I read this book in less than a day.
This book was interesting when it told of the author's path to become a successful forensic anthropologist. It was less successful when the remainder of this short book told anecdotes from her career. They were all very short, and several of them were cases which she only knew of, or in which she was only peripherally involved.
Shannon Drake
This is okay. It's a collection of interesting stories, but that's pretty much it. I was hoping for some insight into techniques or processes or, I dunno, even a Mary Roach-level light dusting over various topics in the field. This is just a collection of her stories, like I said, which are interesting but not especially enlightening.
This was an interesting book about Manhein's life as a forensic anthropologist. Sometimes it left like I was reading a grandmother's stories to her family, but it was a fast read and described the cases she worked on. The book read so fast that I tried to pick it up to read it a few weeks later only to realize I had already read it!
This is one of the most interesting educational books I've ever read, I was never bored and I just wanted more. I will be looking more into forensic anthropology after reading this because I was so into it, The stories Manhein tells are amazing with the perfect balance between entertainment and education. Great read.
This is a very quick read; I finished it in an evening. The author's style is accessible and interesting. I enjoyed her offered glimpses into her work, but I wish she had offered more depth. Memoirs by Dr. Bill Bass and others offer a far more detailed glimpse into this fascinating field of study.
This is a light, easily readable set of short "stories" about Dr. Manhein's professional experiences.

IMNSHO, the light treatment is very appropriate in that it makes the topic readable. This is a very serious subject, and even with the lighter tone, some of the stories made me cry.

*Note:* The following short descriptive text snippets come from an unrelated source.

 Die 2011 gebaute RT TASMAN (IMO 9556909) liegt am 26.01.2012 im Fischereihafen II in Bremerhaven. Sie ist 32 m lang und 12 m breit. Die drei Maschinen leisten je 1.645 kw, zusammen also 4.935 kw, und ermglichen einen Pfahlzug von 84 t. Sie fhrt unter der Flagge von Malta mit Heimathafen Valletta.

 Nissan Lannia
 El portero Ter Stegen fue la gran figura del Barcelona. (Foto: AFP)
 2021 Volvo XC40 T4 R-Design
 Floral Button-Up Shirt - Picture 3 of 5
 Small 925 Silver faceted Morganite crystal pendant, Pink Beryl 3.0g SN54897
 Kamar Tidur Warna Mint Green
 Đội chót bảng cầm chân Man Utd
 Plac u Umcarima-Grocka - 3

This was just ok. I was a little disappointed, the stories were all very short (2-3 pages) and didn't really go into much detail. Sometimes we were left hanging as to the outcome of the case.

This was more of an appetizer to something like Dead Men Do Tell Tales by William R. Maples.

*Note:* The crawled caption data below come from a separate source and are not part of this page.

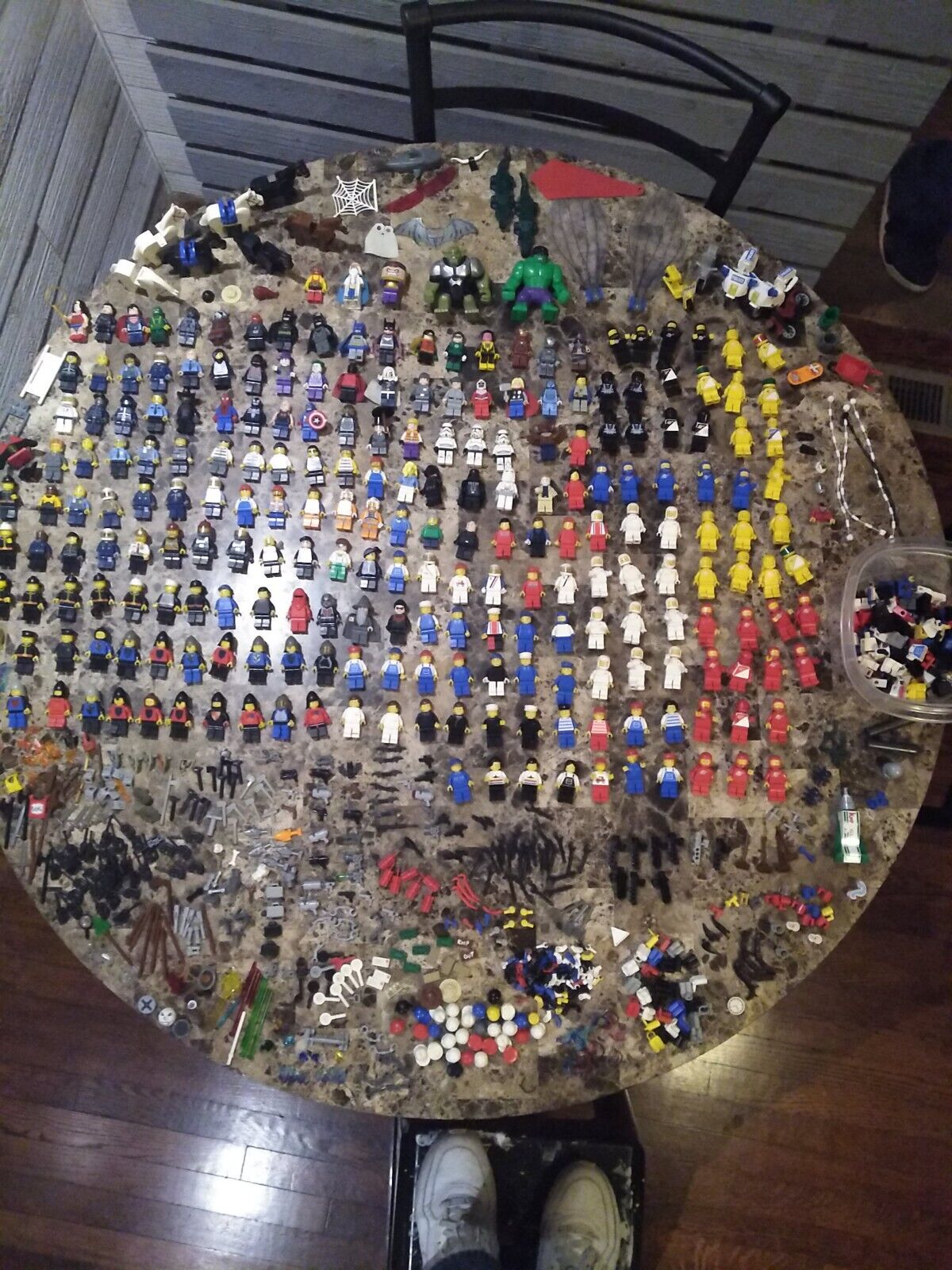 Lego Minifigures Lot  LEGO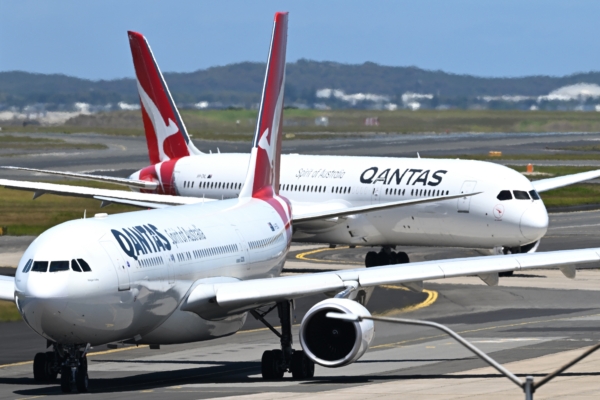 QANTAS STOCK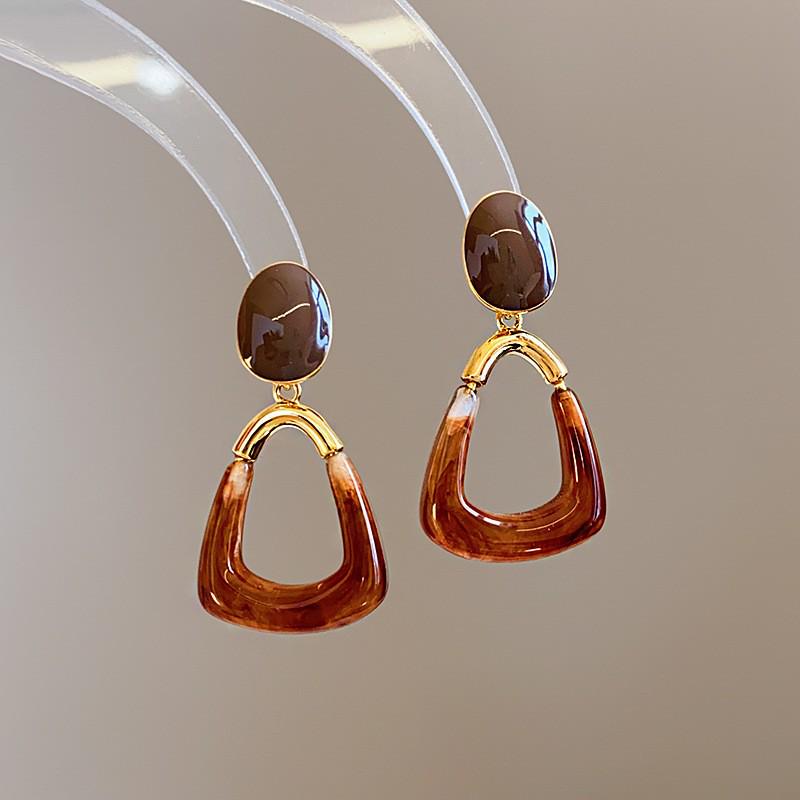 Silver Needle Geometric Stud Earrings: Retro, Light Luxury, Versatile Fashion, Elegant Accessories.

this memoir has small chapters and reads non-frightening about mostly gruesome situations and dead people. the people who hurt and killed do not come off great in this book either. the author writes as if she is part of the family and loves mysteries, science and all goodness in mankind.
D Books
I read this book over five years ago and had forgotten all about having read it until recently when I found her follow-up book in the library recently. From what I remember this was a good book that had some interesting cases in forensic anthropology.
Ashley Logan
I liked this story from this forensic investigator/archeologist/pathologist, etc. etc. She wrote short stories about cases she'd studied, some solved some not, but they were definitely not only entertaining but you could learn a lot too.

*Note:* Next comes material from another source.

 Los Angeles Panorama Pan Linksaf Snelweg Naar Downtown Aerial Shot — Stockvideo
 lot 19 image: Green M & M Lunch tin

We still talk about how this was the worst book our bookclub read. So disappointing. It had such promise and then went nowhere but boredom. Was it a publish or perish thing? Did her friends write the reviews?
Patricia Joynton
Four, because it was interesting to me. While training as a lab technologist a few of my classmates were going into forensics. I wish I had after reading this book. How interesting. I was a short, fast read.